Recorded data
□ □ □ □

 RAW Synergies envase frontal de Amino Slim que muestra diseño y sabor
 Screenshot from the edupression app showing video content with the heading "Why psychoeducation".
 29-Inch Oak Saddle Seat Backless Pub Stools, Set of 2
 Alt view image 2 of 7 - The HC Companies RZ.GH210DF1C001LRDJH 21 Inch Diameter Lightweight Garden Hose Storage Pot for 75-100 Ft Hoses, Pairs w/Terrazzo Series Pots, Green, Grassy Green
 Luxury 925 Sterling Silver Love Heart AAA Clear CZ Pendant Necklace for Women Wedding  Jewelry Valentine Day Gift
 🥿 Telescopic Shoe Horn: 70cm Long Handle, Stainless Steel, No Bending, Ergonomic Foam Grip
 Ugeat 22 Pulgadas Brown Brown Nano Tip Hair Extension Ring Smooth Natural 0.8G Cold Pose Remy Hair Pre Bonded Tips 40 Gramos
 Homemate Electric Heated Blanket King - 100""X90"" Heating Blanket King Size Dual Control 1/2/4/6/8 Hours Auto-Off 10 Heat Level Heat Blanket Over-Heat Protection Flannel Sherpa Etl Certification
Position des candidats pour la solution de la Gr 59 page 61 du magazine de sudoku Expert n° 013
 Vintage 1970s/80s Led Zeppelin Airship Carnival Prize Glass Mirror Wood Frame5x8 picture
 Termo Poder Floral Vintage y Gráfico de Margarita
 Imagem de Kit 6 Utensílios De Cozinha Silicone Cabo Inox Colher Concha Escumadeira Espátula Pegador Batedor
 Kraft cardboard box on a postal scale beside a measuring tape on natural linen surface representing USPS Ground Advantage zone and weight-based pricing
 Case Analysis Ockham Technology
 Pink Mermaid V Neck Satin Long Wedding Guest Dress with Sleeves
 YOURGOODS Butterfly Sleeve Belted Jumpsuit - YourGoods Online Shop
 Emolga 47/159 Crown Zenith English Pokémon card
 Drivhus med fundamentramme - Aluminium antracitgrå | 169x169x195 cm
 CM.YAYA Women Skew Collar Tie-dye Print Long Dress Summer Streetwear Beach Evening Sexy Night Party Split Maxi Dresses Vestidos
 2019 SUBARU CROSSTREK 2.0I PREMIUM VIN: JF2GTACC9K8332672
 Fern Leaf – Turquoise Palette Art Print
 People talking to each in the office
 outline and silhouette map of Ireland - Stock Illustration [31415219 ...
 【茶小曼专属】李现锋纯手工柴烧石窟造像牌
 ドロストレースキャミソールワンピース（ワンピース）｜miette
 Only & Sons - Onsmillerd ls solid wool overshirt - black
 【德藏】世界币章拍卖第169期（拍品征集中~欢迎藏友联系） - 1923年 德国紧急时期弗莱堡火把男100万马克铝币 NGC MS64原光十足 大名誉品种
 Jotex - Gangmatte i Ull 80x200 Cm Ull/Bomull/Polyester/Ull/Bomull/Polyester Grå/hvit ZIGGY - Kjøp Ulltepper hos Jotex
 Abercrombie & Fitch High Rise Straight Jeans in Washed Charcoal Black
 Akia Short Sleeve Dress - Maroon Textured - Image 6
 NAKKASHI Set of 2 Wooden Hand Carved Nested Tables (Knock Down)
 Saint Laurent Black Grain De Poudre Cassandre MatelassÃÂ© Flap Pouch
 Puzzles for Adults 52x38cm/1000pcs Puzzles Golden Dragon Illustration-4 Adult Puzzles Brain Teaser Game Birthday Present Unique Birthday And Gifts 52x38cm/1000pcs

□ □ □ □

#### [Aim of the task]
Repeat the data exactly as it was given above.

#### [Solution to this problem]
 RAW Synergies envase frontal de Amino Slim que muestra diseño y sabor
 Screenshot from the edupression app showing video content with the heading "Why psychoeducation".
 29-Inch Oak Saddle Seat Backless Pub Stools, Set of 2
 Alt view image 2 of 7 - The HC Companies RZ.GH210DF1C001LRDJH 21 Inch Diameter Lightweight Garden Hose Storage Pot for 75-100 Ft Hoses, Pairs w/Terrazzo Series Pots, Green, Grassy Green
 Luxury 925 Sterling Silver Love Heart AAA Clear CZ Pendant Necklace for Women Wedding  Jewelry Valentine Day Gift
 🥿 Telescopic Shoe Horn: 70cm Long Handle, Stainless Steel, No Bending, Ergonomic Foam Grip
 Ugeat 22 Pulgadas Brown Brown Nano Tip Hair Extension Ring Smooth Natural 0.8G Cold Pose Remy Hair Pre Bonded Tips 40 Gramos
 Homemate Electric Heated Blanket King - 100""X90"" Heating Blanket King Size Dual Control 1/2/4/6/8 Hours Auto-Off 10 Heat Level Heat Blanket Over-Heat Protection Flannel Sherpa Etl Certification
Position des candidats pour la solution de la Gr 59 page 61 du magazine de sudoku Expert n° 013
 Vintage 1970s/80s Led Zeppelin Airship Carnival Prize Glass Mirror Wood Frame5x8 picture
 Termo Poder Floral Vintage y Gráfico de Margarita
 Imagem de Kit 6 Utensílios De Cozinha Silicone Cabo Inox Colher Concha Escumadeira Espátula Pegador Batedor
 Kraft cardboard box on a postal scale beside a measuring tape on natural linen surface representing USPS Ground Advantage zone and weight-based pricing
 Case Analysis Ockham Technology
 Pink Mermaid V Neck Satin Long Wedding Guest Dress with Sleeves
 YOURGOODS Butterfly Sleeve Belted Jumpsuit - YourGoods Online Shop
 Emolga 47/159 Crown Zenith English Pokémon card
 Drivhus med fundamentramme - Aluminium antracitgrå | 169x169x195 cm
 CM.YAYA Women Skew Collar Tie-dye Print Long Dress Summer Streetwear Beach Evening Sexy Night Party Split Maxi Dresses Vestidos
 2019 SUBARU CROSSTREK 2.0I PREMIUM VIN: JF2GTACC9K8332672
 Fern Leaf – Turquoise Palette Art Print
 People talking to each in the office
 outline and silhouette map of Ireland - Stock Illustration [31415219 ...
 【茶小曼专属】李现锋纯手工柴烧石窟造像牌
 ドロストレースキャミソールワンピース（ワンピース）｜miette
 Only & Sons - Onsmillerd ls solid wool overshirt - black
 【德藏】世界币章拍卖第169期（拍品征集中~欢迎藏友联系） - 1923年 德国紧急时期弗莱堡火把男100万马克铝币 NGC MS64原光十足 大名誉品种
 Jotex - Gangmatte i Ull 80x200 Cm Ull/Bomull/Polyester/Ull/Bomull/Polyester Grå/hvit ZIGGY - Kjøp Ulltepper hos Jotex
 Abercrombie & Fitch High Rise Straight Jeans in Washed Charcoal Black
 Akia Short Sleeve Dress - Maroon Textured - Image 6
 NAKKASHI Set of 2 Wooden Hand Carved Nested Tables (Knock Down)
 Saint Laurent Black Grain De Poudre Cassandre MatelassÃÂ© Flap Pouch
 Puzzles for Adults 52x38cm/1000pcs Puzzles Golden Dragon Illustration-4 Adult Puzzles Brain Teaser Game Birthday Present Unique Birthday And Gifts 52x38cm/1000pcs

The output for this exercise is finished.